The appearance of a volume of collected poems is an invitation to speculate on how the poet collected stacks up—always a risky business, given the provisional nature of literary taste. In a fit of impatience Ginsberg writes off the books on his shelves as "orient lore, poetry crap"—and there are critics who would say the same of his own work. Chaotic and hectoring, the long, Whitmanesque lines unfurl in apparent metrical anarchy, but no one who has ever heard Ginsberg read would call his prosody random. He has clearly served a rigorous apprenticeship, as the early imitations of Marvell and Donne (included in the appendix) demonstrate, and the long line he adopted in the 1950s exerts a hypnotic force. Poetry derives from oral literature; it was meant to be recited and sung. Ginsberg restores its original intent.
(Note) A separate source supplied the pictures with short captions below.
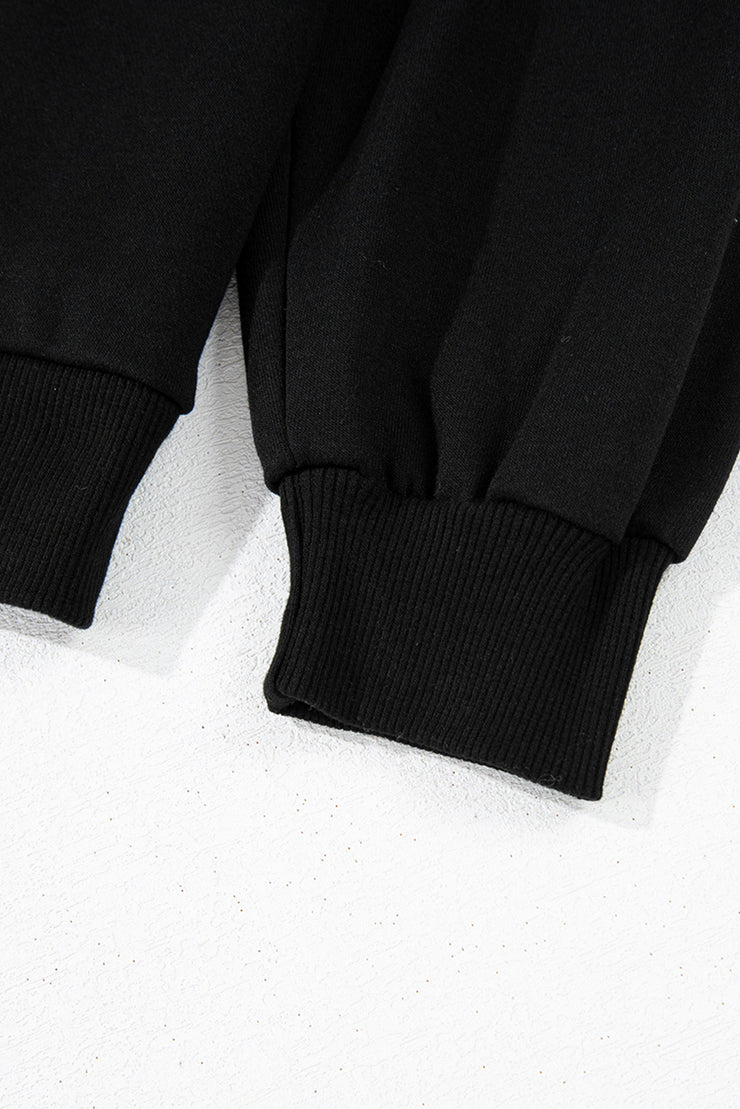 Black Leopard Print Colorblock Raglan Sleeve Sweatshirt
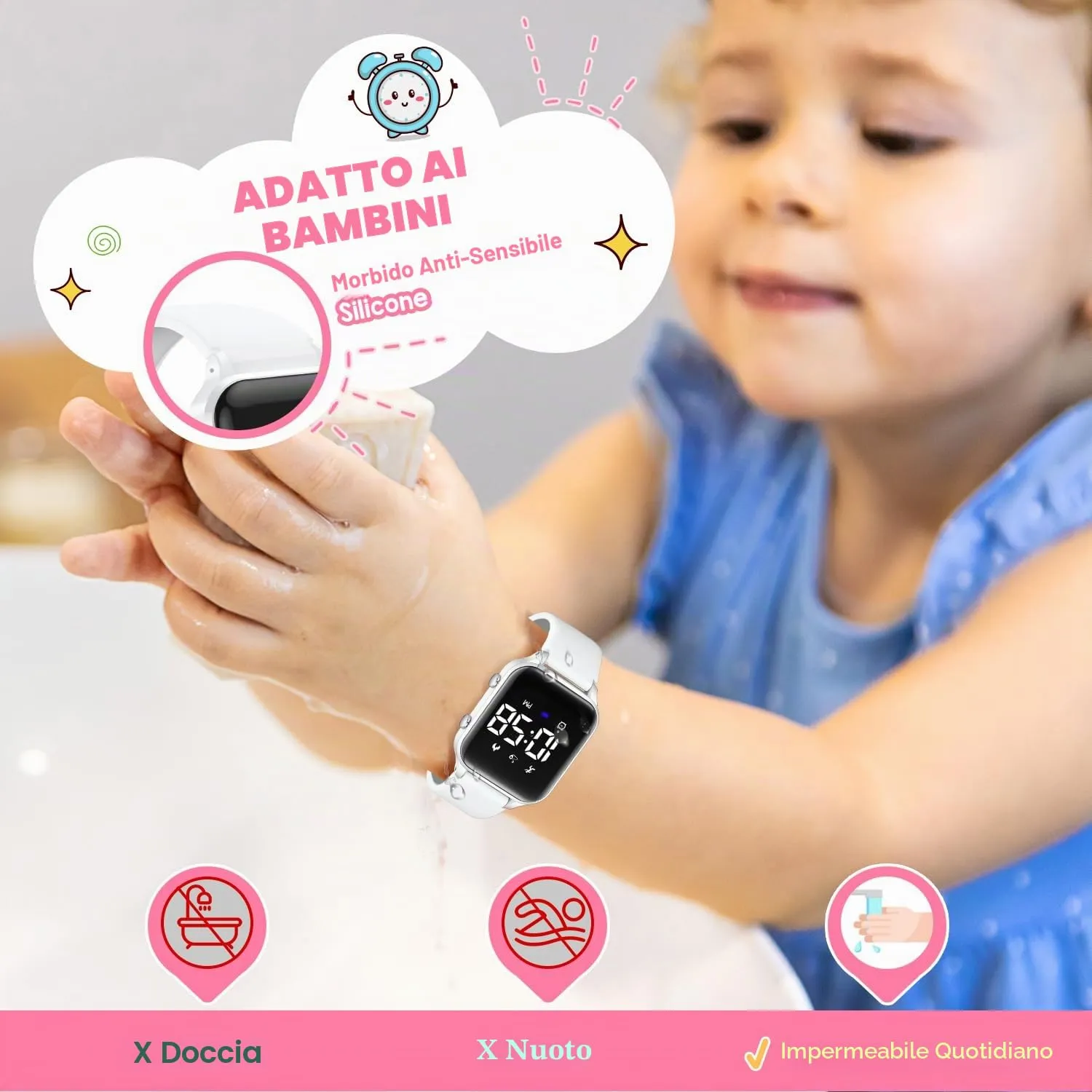 caprock Orologio digitale a LED per bambini, con contapassi, impermeabile fino a 50 atm, con calcolo della distanza/vibrazione, doppia sveglia/cronometro - immagine 7
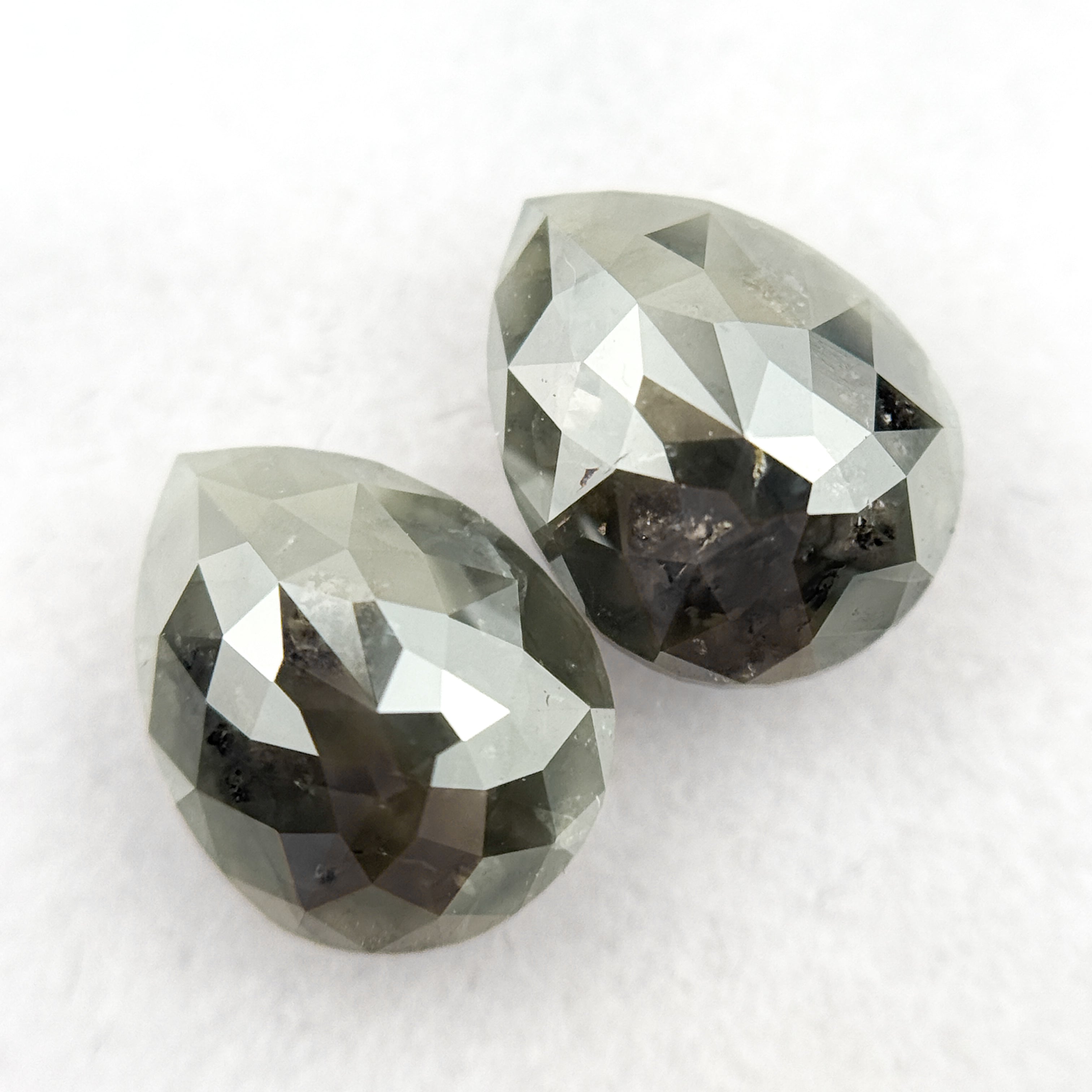 2.46 Ct Pear Rose Cut Green Natural Salt and pepper Diamond Pair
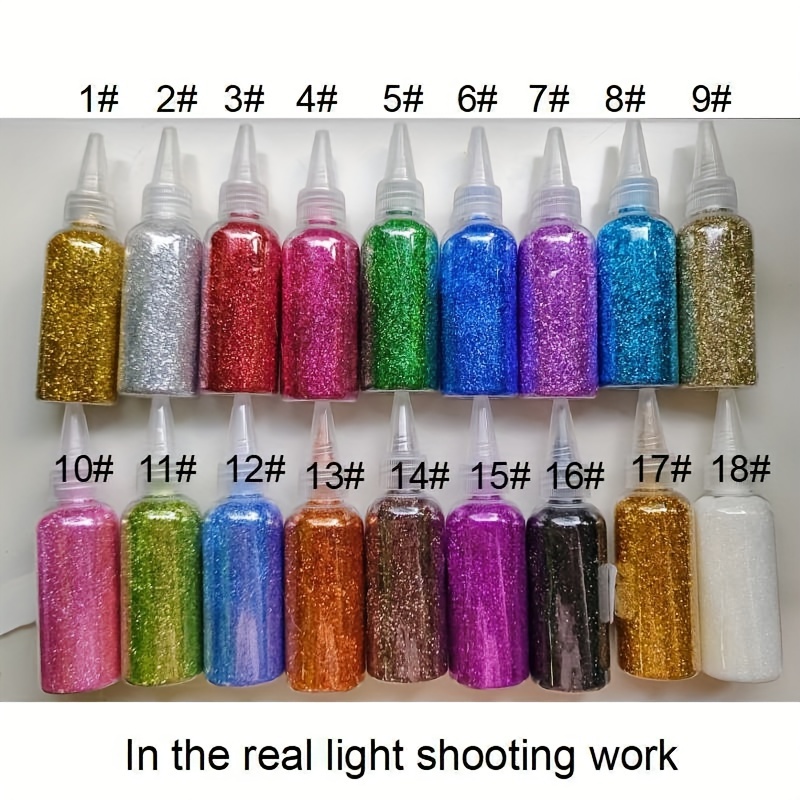 12 Bottles Glitter Powder Sequins Loose Eye shadow Glitter Powder Shakers  for Slime Scrap booking Holiday Crafts Face Body Nail Art
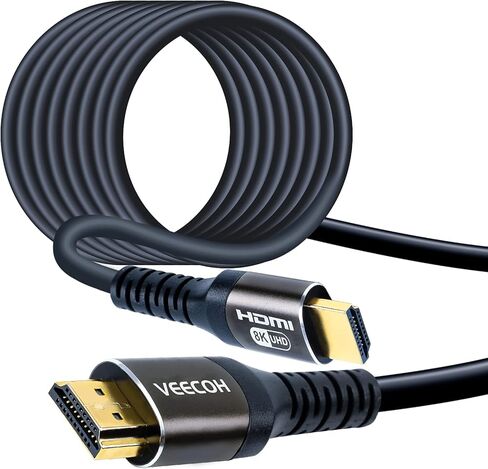كابلات VEECOH 8K HDMI بطول 25FT/8M 2.1، HDR 48 جيجابت في الثانية 8K@60 هرتز 4K@120 هرتز، سلك hdmi، eARC، ARC، CEC، HDCP 2.2، متوافق مع PS5 PS4/Xbox One/HDTV/Blu-ray in Kuwait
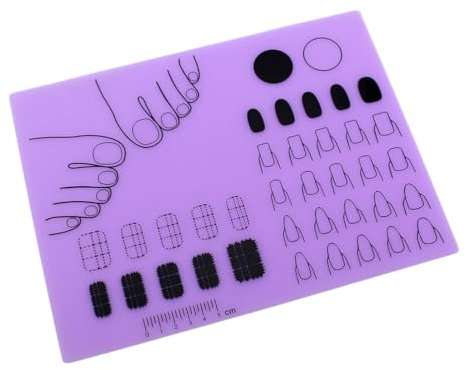 FRCOLOR Silicone Nail Art Mat with Ruler and Color Testing Area Flexible Manicure Table Protector for Nail Stamping and Polish Practice 11X8.3 Inch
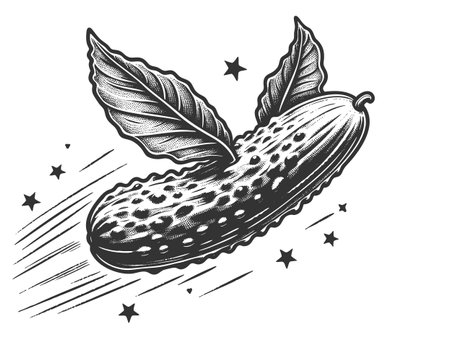 Cucumber pickle flying through stars, symbolizing fantasy, humor, and surreal creativity sketch engraving vector illustration. Scratch board imitation. Black and white image.のイラスト素材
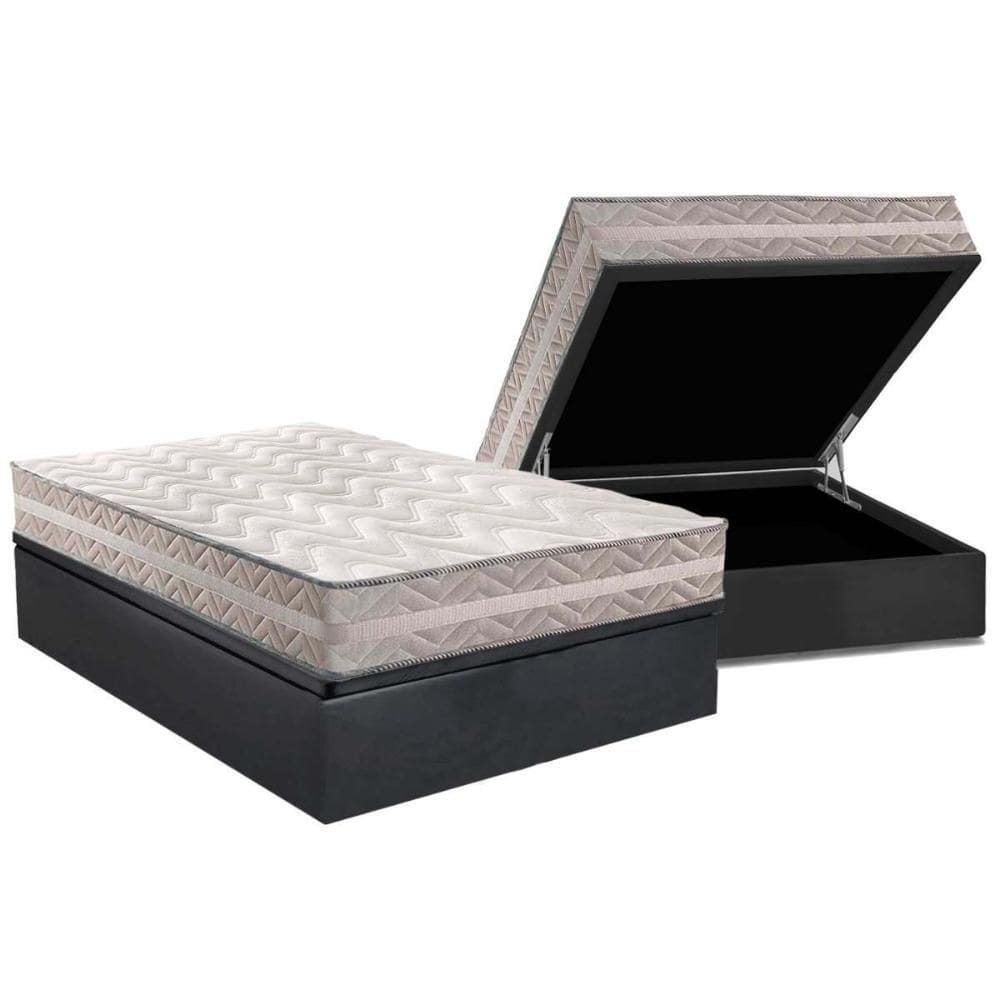 Cama Box Baú Casal: Colchão Anatômico Paropas D28 / Ag65 Master Gray + Base Crc Suede Gray(138X188)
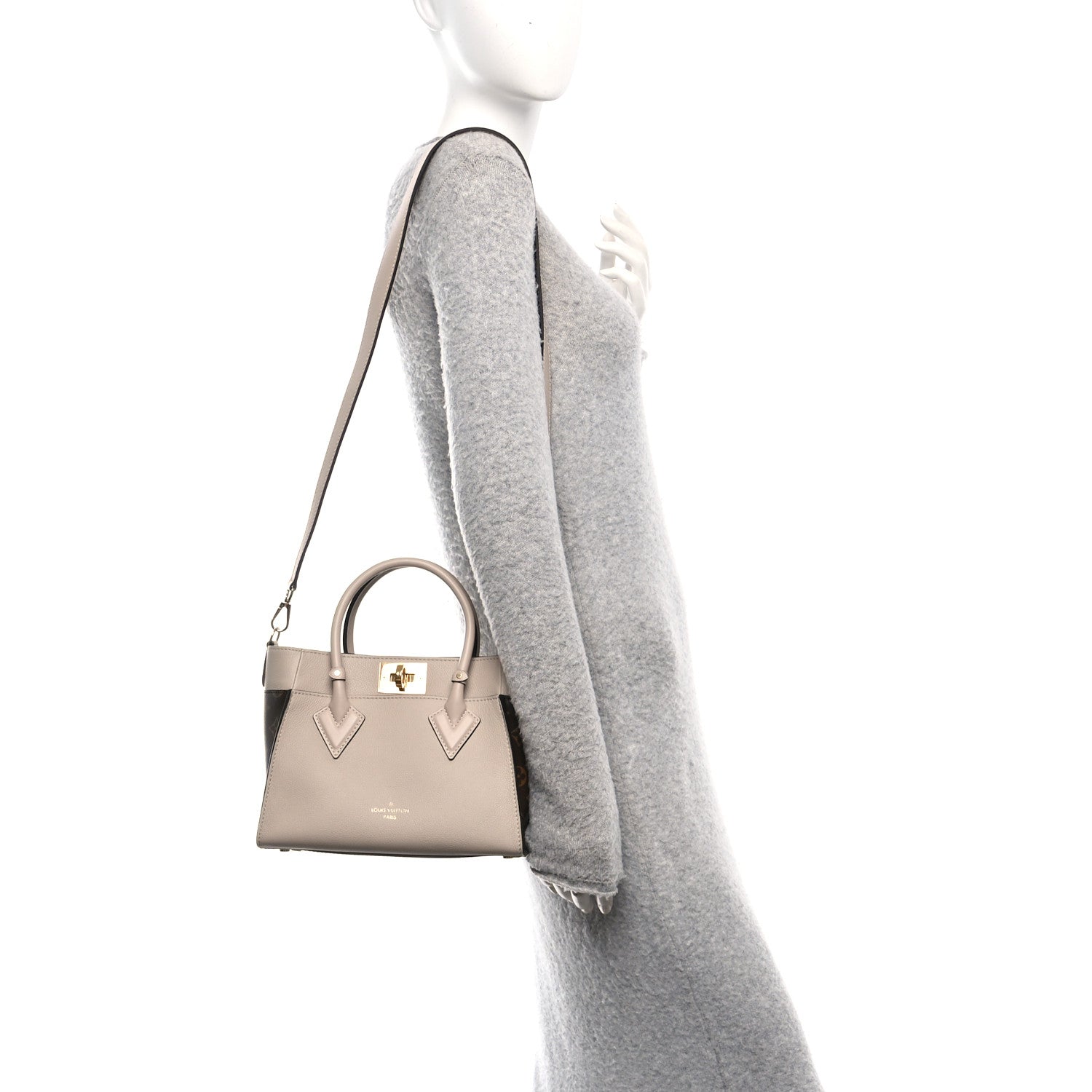 Louis Vuitton Calfskin Monogram On My Side PM Greige 2 of 9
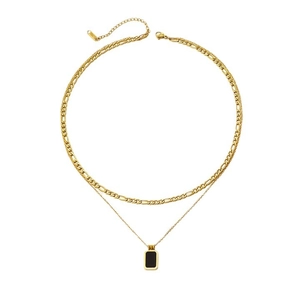 Double-layered stainless steel necklace with black rectangular pendant and Figaro chain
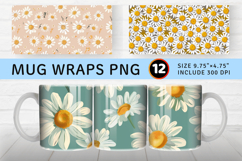 Daisy Flowers Mug Wrap Sublimation Designs Product Image 1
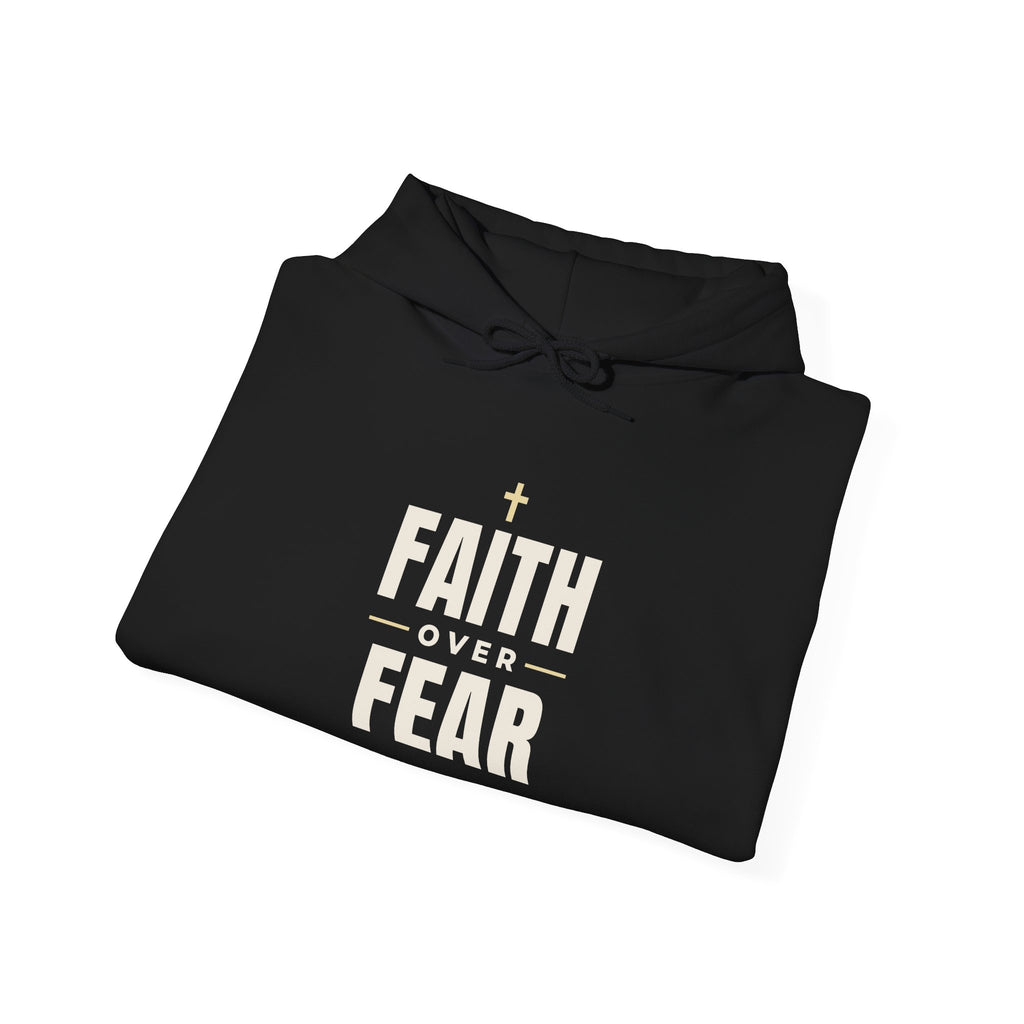 Faith Over Fear Christian hoodie in black, folded mockup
These poems are uneven, to say the least, but no more so than others just as ambitious (I'm thinking of William Carlos Williams's Paterson, Charles Olson's Maximus Poems, Robert Lowell's Notebook). Collected Poems is a vast, sprawling canvas, a portrait of postwar America. A handful of poems -- "Iron Horse," "Wales Visitation," the sequence "Don't Grow Old," the pastoral "Ecologue," a meditation on Ginsberg's farm in upstate New York, and "Kaddish," a twenty-page elegy to Ginsberg's psychotic mother—seem certain to survive. "A good poet is someone who manages, in a lifetime of standing out in thunderstorms, to be struck by lightning five or six times," Randall Jarrell once estimated; "a dozen or two dozen times and he is great." By this measure, Allen Ginsberg is doing well, and he still hasn't come in out of the rain.